Please return only the lines from the one holding "Striped Beige Shirt" through the one holding "samurai mecha 3D model_1", exactly as they appear in the records below, both ends included.

┌─ Given information

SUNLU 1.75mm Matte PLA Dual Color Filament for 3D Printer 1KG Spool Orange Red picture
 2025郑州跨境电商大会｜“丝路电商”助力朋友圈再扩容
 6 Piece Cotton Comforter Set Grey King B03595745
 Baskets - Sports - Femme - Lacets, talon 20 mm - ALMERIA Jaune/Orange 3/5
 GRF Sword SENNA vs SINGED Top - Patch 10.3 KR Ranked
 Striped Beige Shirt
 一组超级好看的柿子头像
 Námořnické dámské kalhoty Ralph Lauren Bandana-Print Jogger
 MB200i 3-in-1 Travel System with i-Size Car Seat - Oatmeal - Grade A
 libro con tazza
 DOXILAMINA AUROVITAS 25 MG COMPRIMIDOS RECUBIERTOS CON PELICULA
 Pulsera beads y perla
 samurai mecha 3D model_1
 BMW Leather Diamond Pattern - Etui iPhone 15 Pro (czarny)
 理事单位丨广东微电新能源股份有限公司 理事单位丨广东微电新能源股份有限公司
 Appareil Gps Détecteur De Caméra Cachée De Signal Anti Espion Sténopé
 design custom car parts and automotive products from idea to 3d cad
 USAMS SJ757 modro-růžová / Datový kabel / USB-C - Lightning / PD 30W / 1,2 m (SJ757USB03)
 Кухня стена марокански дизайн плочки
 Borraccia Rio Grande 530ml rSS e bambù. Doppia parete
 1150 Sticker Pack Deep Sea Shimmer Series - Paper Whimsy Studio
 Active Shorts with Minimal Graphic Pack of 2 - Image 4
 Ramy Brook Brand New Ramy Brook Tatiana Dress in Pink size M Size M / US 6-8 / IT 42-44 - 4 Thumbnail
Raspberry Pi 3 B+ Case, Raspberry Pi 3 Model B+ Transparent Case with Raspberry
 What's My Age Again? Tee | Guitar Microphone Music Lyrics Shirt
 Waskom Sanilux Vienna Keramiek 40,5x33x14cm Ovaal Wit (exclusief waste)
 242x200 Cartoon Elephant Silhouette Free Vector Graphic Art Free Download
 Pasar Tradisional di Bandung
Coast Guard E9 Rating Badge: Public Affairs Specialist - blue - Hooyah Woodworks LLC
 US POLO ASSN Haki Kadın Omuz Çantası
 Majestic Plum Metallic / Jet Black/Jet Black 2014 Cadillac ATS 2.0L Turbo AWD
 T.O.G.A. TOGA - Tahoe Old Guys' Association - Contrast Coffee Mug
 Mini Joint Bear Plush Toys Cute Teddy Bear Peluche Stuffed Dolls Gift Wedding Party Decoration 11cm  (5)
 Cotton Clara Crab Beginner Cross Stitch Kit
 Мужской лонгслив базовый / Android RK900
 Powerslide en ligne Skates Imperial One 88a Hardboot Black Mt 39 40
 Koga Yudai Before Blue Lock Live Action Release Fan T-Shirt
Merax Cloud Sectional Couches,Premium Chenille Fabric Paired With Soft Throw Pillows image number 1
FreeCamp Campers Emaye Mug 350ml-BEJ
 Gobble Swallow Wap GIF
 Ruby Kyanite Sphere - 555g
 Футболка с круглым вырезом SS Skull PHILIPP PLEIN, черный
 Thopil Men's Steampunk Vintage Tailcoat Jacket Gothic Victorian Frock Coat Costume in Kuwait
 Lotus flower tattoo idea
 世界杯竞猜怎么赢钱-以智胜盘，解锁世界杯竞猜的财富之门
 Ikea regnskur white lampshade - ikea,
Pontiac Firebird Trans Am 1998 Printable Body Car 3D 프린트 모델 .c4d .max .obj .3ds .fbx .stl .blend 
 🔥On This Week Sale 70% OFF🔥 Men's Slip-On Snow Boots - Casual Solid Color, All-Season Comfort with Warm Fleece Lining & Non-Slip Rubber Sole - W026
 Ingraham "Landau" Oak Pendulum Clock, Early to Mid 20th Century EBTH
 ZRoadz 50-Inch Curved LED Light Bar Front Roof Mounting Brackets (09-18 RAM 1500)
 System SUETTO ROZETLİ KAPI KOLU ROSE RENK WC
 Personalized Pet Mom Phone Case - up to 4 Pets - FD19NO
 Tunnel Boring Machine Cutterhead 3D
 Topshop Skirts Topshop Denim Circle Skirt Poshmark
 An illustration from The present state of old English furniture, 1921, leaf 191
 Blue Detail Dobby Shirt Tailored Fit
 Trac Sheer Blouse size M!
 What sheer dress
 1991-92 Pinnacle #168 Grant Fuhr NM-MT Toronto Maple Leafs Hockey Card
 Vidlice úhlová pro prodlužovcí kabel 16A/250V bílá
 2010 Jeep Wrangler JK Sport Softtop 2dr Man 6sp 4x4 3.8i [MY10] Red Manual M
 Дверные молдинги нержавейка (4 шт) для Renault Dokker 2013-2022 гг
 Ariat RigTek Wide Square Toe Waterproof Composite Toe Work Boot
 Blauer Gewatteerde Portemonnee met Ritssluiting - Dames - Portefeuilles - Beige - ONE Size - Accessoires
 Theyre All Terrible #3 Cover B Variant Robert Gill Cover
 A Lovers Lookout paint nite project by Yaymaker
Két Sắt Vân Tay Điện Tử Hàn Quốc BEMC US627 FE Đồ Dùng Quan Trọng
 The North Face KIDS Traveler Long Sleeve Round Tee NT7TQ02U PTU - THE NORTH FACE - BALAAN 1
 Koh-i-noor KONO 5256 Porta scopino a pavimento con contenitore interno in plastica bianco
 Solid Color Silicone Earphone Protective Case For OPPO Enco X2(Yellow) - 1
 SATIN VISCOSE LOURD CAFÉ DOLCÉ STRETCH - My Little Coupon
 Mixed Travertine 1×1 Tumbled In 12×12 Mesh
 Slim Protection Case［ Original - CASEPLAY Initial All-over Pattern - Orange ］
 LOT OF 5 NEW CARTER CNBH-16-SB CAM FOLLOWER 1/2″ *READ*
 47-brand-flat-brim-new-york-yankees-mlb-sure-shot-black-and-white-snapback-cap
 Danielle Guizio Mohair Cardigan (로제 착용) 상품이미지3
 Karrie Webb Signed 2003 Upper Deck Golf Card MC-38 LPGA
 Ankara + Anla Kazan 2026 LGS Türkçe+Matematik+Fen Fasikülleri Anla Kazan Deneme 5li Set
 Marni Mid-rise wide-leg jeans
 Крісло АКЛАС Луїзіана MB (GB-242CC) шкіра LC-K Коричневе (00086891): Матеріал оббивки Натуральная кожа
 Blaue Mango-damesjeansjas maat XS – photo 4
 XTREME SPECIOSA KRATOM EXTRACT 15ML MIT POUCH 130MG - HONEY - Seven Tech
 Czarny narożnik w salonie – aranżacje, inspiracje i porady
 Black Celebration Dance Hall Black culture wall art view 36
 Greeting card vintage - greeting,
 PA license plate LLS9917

└─

- **Response to the exercise**
 Striped Beige Shirt
 一组超级好看的柿子头像
 Námořnické dámské kalhoty Ralph Lauren Bandana-Print Jogger
 MB200i 3-in-1 Travel System with i-Size Car Seat - Oatmeal - Grade A
 libro con tazza
 DOXILAMINA AUROVITAS 25 MG COMPRIMIDOS RECUBIERTOS CON PELICULA
 Pulsera beads y perla
 samurai mecha 3D model_1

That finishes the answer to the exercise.